NHK 「おんがくこうろん」 をみて
学生時代のレイ・ハラカミ
1989年(平成元年)に入学した短大の映像学科でハラカミくんに出会いました。
デビュー後の彼についてはよく知らないので、ここではデビュー前のことを同級生視点で綴ってみたいと思います。
学校では写真やビデオ(VHS)、8mmフィルム、パフォーマンス、造形、アニメーションなどの授業を幅広く受けていましたが、自分の映像作品に音を付けることになったとき、私には音楽的素養がなかったので、母が遊んでいたCASIOのSK-1を実家から持ち出し、サンプリング機能を使って試行錯誤しながら音楽(的なもの)を作っていました。
手元にある弦楽器や民族楽器などを「ポロロン」と鳴らし、音をサンプリングすれば、キーを押さえているあいだ5秒くらいループします。1つのループが途切れる前に次のループをつなげていき、2つ3つキーを同時に押さえるとテンポの違うループの重なりがズレて音がぶつかった時に自然とリズムがうまれるので、そこにシンプルなメロディを乗せるというやり方で4年間制作していました。

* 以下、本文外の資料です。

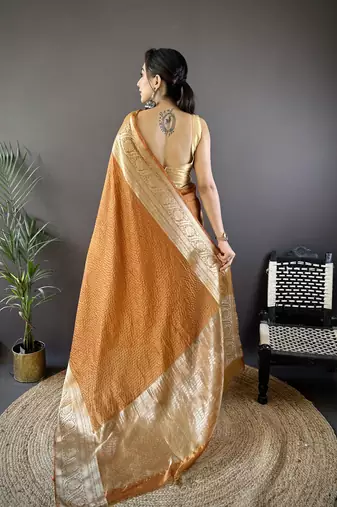Orange checkered, floral, zari woven pure naylon viscose saree with blouse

私の音作りを横で見ていたハラカミくんが「すげぇ……」と言ったのは修了制作(4年目)の時でした。もっと早く言ってほしかったぜ。
(在学3年目にはEZ-Visionを使って打ち込みに移行してましたので、もしかしたら褒め言葉じゃなく「4年間これで通したのすげぇ」の可能性もあるな、といま思ったところです)
広い世界 と せまい世界
当時、ハラカミくんが他の映像作品のために作った曲をカセットテープにダビングして手売りしたものが、1年ほど前に「広い世界 と せまい世界」としてringsからリイシューされましたのでYouTubeやSpotifyなどでも聴くことが出来ます。(嬉しいね!)
rei harakami / 広い世界 と せまい世界 デビュー前に4トラック・カセットMTR等で宅録して発表された、幻のカセットテープ音源『広い世界』と『せまい世界』が、リマスタリングされ貴重なアーカイヴ音源として改めて世に放たれる!! http://www.ringstokyo.com/rei-harakami-hiroisekaisemaisekai
リズムの錯覚
話がズレましたが、先日の「おんがくこうろん」でゾンビ解説員の「リズムの錯覚」という言葉を聞いて思い出したことをここまで書いてみました。
以前ポリリズムの解説動画をみたときは、音楽制作について素人なので曲のフワッとした部分が解明されてることに只々感心するばかりでしたが、今回の「おんがくこうろん」の解説によって、今まで感覚的に理解していたことを言語化することができました。
レイ・ハラカミはリズムの錯覚を意図的に作っていたんですね。
逆に、スピードの違うループを重ねる直感的なやり方でアナログ時代のハラカミサウンドが再現できるかもしれません。
あと未公開トークで星野さんの「EZ Visionが音をチョップするのに向いてなかったからかも…」という核心をついた言葉も衝撃でした。(笑)
そして「若くして亡くなったこともありシリアスに語ってしまいがちですが、ご本人の面白さをもっと前面に出して広く彼の音楽を届けていきたい。」というお話と「ワームホール」のお話がとても心に残っています。
機会があればアルバム「広い世界」についても書いてみたいと思います。
最後まで読んでくださりありがとうございました。